*THE PROBLEM*
Please transcribe exactly the lines from the line holding "Monedero Duo Calvi" through the end of the data below, and skip any pictures.

*SOURCE DATA*
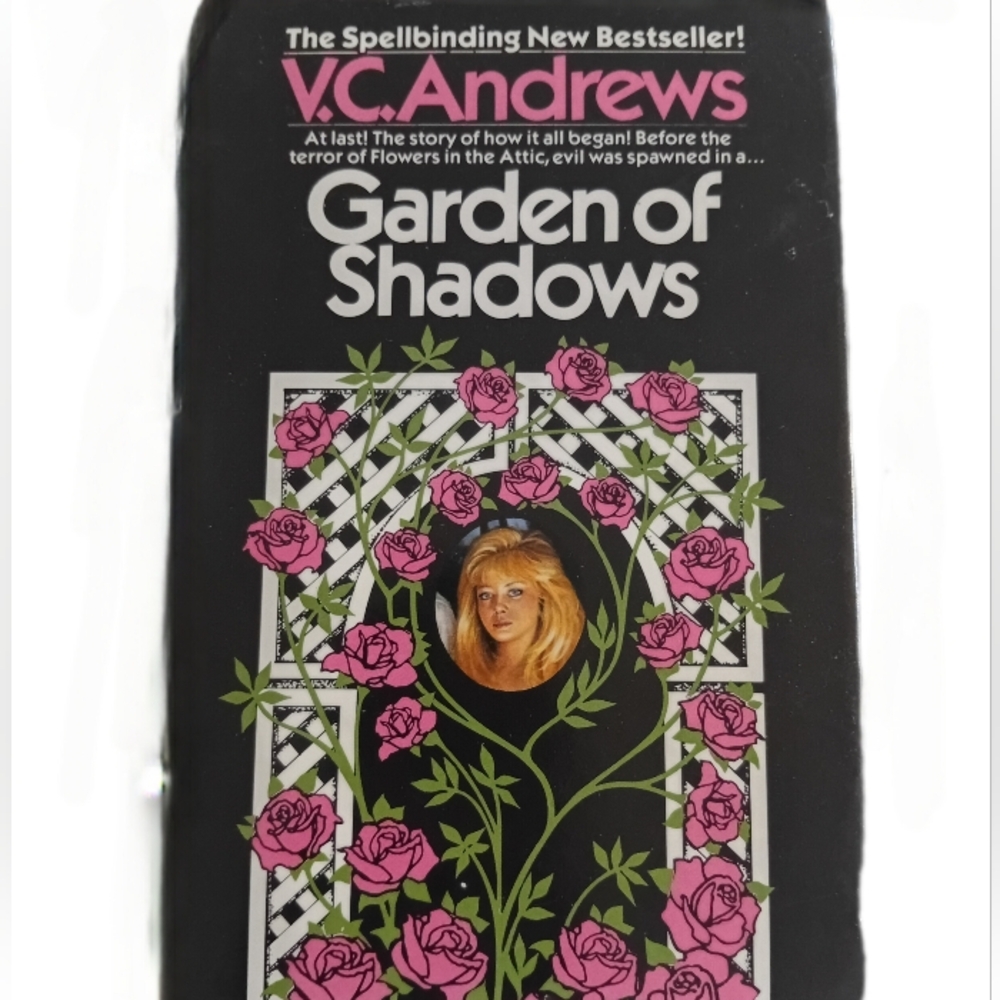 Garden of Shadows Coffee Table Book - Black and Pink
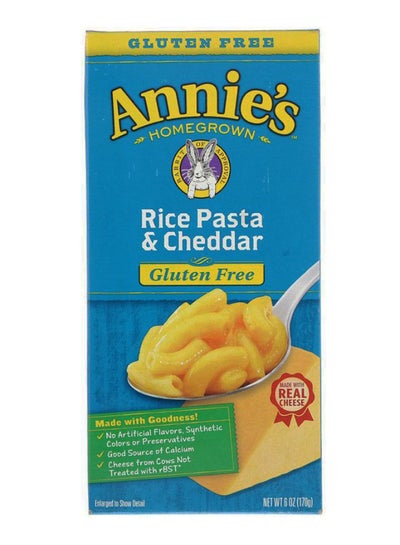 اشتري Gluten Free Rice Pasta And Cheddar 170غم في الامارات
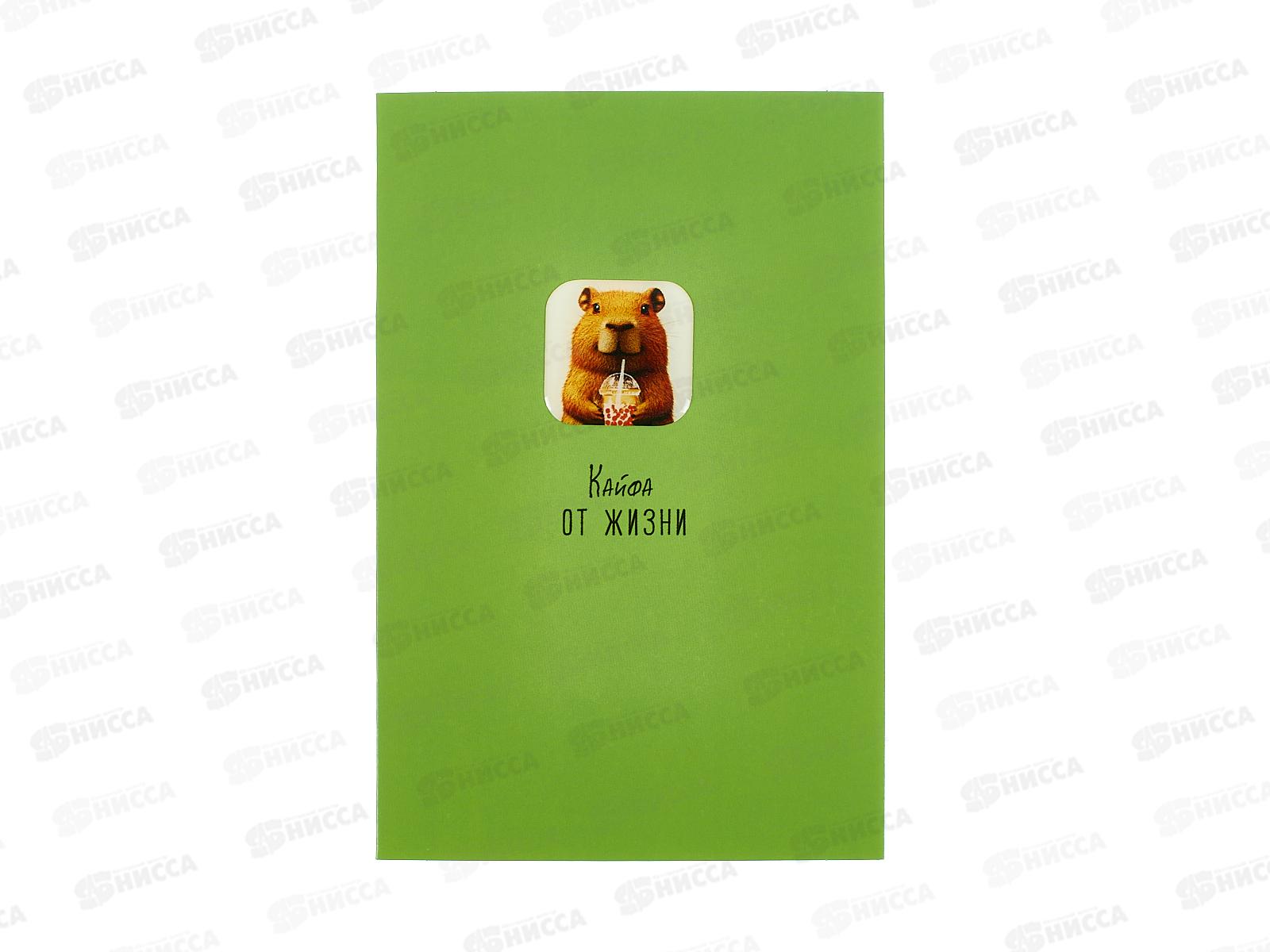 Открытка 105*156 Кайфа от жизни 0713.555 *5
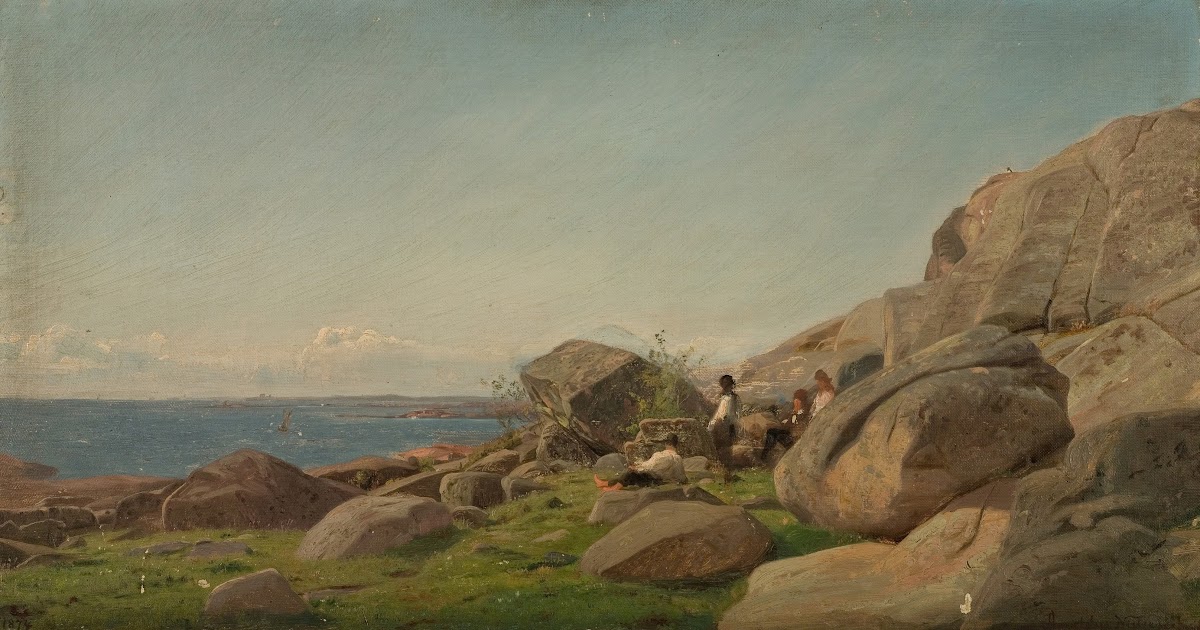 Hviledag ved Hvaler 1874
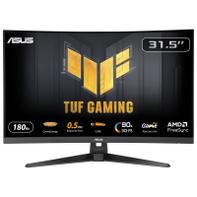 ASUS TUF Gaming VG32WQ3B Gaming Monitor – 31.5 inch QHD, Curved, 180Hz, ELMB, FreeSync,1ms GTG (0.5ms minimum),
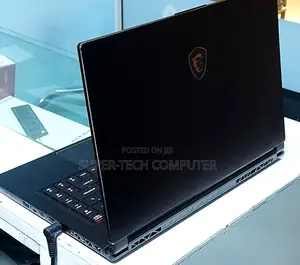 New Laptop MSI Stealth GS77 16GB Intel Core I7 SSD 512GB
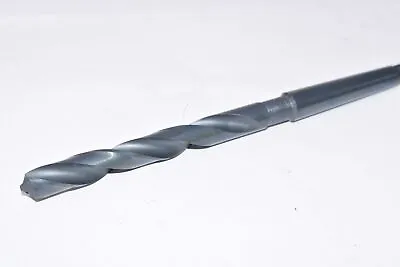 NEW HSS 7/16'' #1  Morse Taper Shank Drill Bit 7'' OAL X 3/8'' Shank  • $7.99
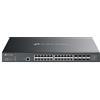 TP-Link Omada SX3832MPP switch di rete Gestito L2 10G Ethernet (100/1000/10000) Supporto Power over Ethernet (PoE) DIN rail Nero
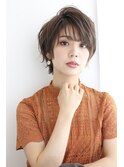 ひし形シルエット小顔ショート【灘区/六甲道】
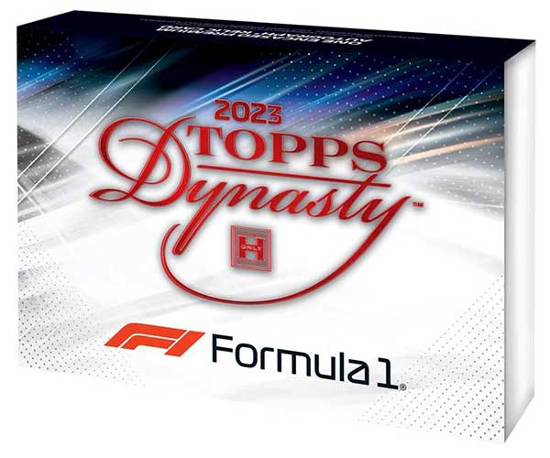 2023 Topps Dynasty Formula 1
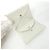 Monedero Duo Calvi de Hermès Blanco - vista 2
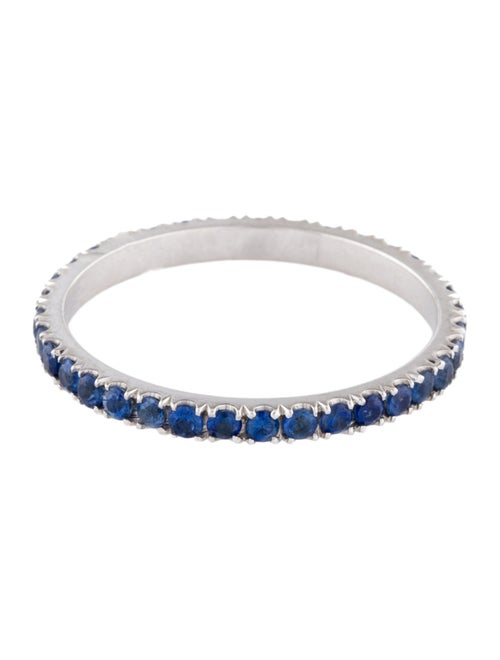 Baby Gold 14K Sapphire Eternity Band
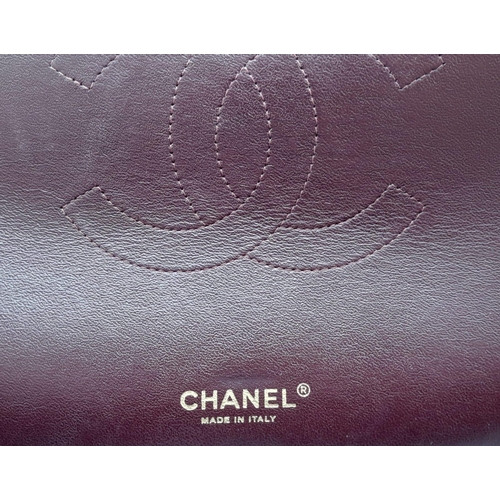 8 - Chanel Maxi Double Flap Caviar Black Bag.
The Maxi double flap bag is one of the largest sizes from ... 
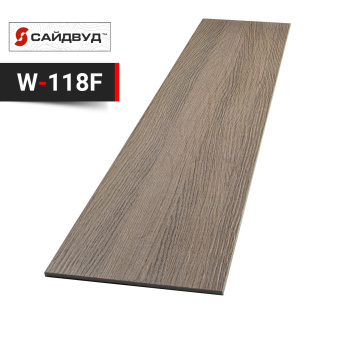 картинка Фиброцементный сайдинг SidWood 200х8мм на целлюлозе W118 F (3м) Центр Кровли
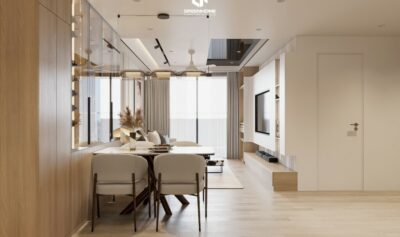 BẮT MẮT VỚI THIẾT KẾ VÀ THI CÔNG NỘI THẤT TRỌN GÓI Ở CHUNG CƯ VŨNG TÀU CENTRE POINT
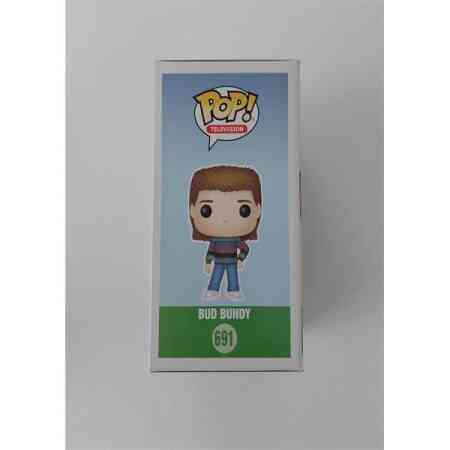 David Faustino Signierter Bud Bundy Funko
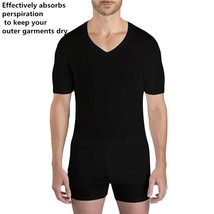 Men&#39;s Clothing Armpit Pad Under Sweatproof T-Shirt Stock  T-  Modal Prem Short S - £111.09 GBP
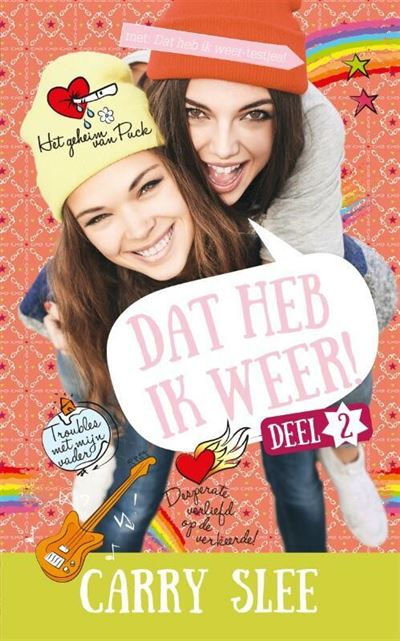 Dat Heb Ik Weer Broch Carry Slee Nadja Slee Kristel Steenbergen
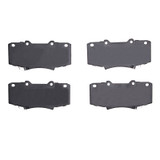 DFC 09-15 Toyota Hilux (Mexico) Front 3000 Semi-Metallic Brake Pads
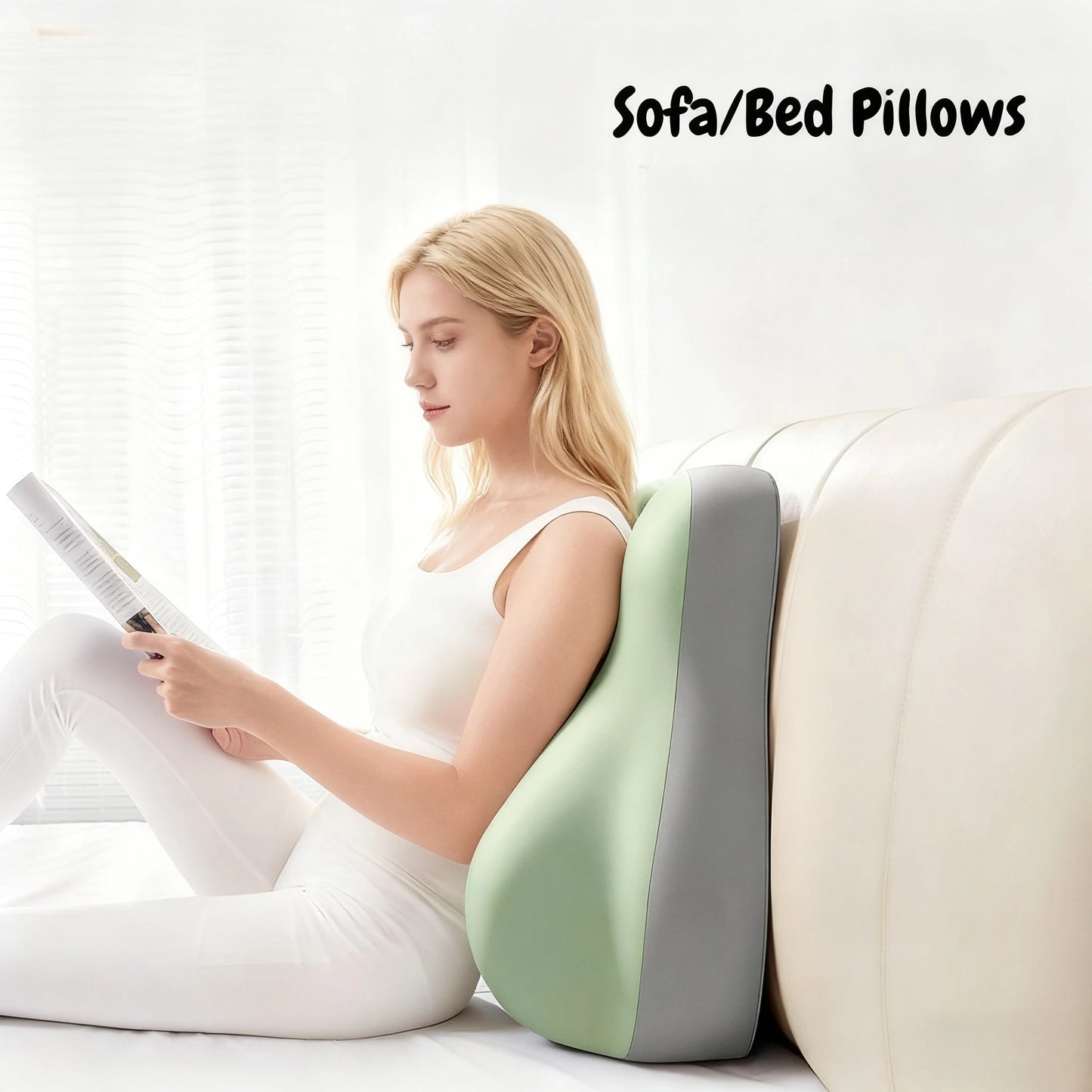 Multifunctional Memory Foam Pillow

*ANSWER AREA*
 Monedero Duo Calvi de Hermès Blanco - vista 2
 Baby Gold 14K Sapphire Eternity Band
 8 - Chanel Maxi Double Flap Caviar Black Bag.
The Maxi double flap bag is one of the largest sizes from ... 
 картинка Фиброцементный сайдинг SidWood 200х8мм на целлюлозе W118 F (3м) Центр Кровли
 BẮT MẮT VỚI THIẾT KẾ VÀ THI CÔNG NỘI THẤT TRỌN GÓI Ở CHUNG CƯ VŨNG TÀU CENTRE POINT
 David Faustino Signierter Bud Bundy Funko
 Men&#39;s Clothing Armpit Pad Under Sweatproof T-Shirt Stock  T-  Modal Prem Short S - £111.09 GBP
 Dat Heb Ik Weer Broch Carry Slee Nadja Slee Kristel Steenbergen
 DFC 09-15 Toyota Hilux (Mexico) Front 3000 Semi-Metallic Brake Pads
 Multifunctional Memory Foam Pillow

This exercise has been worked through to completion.